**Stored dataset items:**
=== Section Start ===
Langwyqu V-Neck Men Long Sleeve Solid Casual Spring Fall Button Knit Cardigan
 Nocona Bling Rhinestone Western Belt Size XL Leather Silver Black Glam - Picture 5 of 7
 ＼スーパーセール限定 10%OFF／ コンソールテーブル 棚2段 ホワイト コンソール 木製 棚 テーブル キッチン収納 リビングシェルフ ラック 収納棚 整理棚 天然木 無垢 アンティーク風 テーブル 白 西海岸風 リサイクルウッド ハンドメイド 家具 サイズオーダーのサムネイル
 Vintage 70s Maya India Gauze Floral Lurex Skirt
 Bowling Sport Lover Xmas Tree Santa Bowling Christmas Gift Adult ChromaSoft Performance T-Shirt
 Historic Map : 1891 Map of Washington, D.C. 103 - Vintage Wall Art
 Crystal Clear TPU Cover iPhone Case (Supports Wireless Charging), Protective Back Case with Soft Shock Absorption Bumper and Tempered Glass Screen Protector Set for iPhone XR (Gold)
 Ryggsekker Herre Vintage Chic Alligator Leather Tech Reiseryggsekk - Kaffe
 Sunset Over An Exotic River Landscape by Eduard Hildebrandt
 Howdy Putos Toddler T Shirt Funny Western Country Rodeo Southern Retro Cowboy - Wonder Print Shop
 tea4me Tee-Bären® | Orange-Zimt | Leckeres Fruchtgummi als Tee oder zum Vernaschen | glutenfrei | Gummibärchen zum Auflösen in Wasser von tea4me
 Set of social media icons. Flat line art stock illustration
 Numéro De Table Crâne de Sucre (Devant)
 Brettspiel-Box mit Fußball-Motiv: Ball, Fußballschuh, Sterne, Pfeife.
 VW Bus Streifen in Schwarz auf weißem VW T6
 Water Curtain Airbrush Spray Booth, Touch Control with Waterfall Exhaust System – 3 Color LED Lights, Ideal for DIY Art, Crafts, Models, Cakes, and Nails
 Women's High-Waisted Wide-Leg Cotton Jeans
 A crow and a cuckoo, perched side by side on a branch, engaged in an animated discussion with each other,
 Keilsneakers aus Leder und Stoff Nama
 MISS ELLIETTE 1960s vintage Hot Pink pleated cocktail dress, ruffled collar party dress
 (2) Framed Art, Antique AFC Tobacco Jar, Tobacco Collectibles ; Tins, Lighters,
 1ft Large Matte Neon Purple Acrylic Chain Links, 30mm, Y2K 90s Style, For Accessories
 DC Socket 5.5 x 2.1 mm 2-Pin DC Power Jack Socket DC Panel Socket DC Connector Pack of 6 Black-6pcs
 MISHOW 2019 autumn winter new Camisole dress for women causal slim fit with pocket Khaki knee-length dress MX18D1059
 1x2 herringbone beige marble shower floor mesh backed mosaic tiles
=== Section End ===
**Your assignment:** A verbatim output of all the data above is needed.

**Solution below:**
Langwyqu V-Neck Men Long Sleeve Solid Casual Spring Fall Button Knit Cardigan
 Nocona Bling Rhinestone Western Belt Size XL Leather Silver Black Glam - Picture 5 of 7
 ＼スーパーセール限定 10%OFF／ コンソールテーブル 棚2段 ホワイト コンソール 木製 棚 テーブル キッチン収納 リビングシェルフ ラック 収納棚 整理棚 天然木 無垢 アンティーク風 テーブル 白 西海岸風 リサイクルウッド ハンドメイド 家具 サイズオーダーのサムネイル
 Vintage 70s Maya India Gauze Floral Lurex Skirt
 Bowling Sport Lover Xmas Tree Santa Bowling Christmas Gift Adult ChromaSoft Performance T-Shirt
 Historic Map : 1891 Map of Washington, D.C. 103 - Vintage Wall Art
 Crystal Clear TPU Cover iPhone Case (Supports Wireless Charging), Protective Back Case with Soft Shock Absorption Bumper and Tempered Glass Screen Protector Set for iPhone XR (Gold)
 Ryggsekker Herre Vintage Chic Alligator Leather Tech Reiseryggsekk - Kaffe
 Sunset Over An Exotic River Landscape by Eduard Hildebrandt
 Howdy Putos Toddler T Shirt Funny Western Country Rodeo Southern Retro Cowboy - Wonder Print Shop
 tea4me Tee-Bären® | Orange-Zimt | Leckeres Fruchtgummi als Tee oder zum Vernaschen | glutenfrei | Gummibärchen zum Auflösen in Wasser von tea4me
 Set of social media icons. Flat line art stock illustration
 Numéro De Table Crâne de Sucre (Devant)
 Brettspiel-Box mit Fußball-Motiv: Ball, Fußballschuh, Sterne, Pfeife.
 VW Bus Streifen in Schwarz auf weißem VW T6
 Water Curtain Airbrush Spray Booth, Touch Control with Waterfall Exhaust System – 3 Color LED Lights, Ideal for DIY Art, Crafts, Models, Cakes, and Nails
 Women's High-Waisted Wide-Leg Cotton Jeans
 A crow and a cuckoo, perched side by side on a branch, engaged in an animated discussion with each other,
 Keilsneakers aus Leder und Stoff Nama
 MISS ELLIETTE 1960s vintage Hot Pink pleated cocktail dress, ruffled collar party dress
 (2) Framed Art, Antique AFC Tobacco Jar, Tobacco Collectibles ; Tins, Lighters,
 1ft Large Matte Neon Purple Acrylic Chain Links, 30mm, Y2K 90s Style, For Accessories
 DC Socket 5.5 x 2.1 mm 2-Pin DC Power Jack Socket DC Panel Socket DC Connector Pack of 6 Black-6pcs
 MISHOW 2019 autumn winter new Camisole dress for women causal slim fit with pocket Khaki knee-length dress MX18D1059
 1x2 herringbone beige marble shower floor mesh backed mosaic tiles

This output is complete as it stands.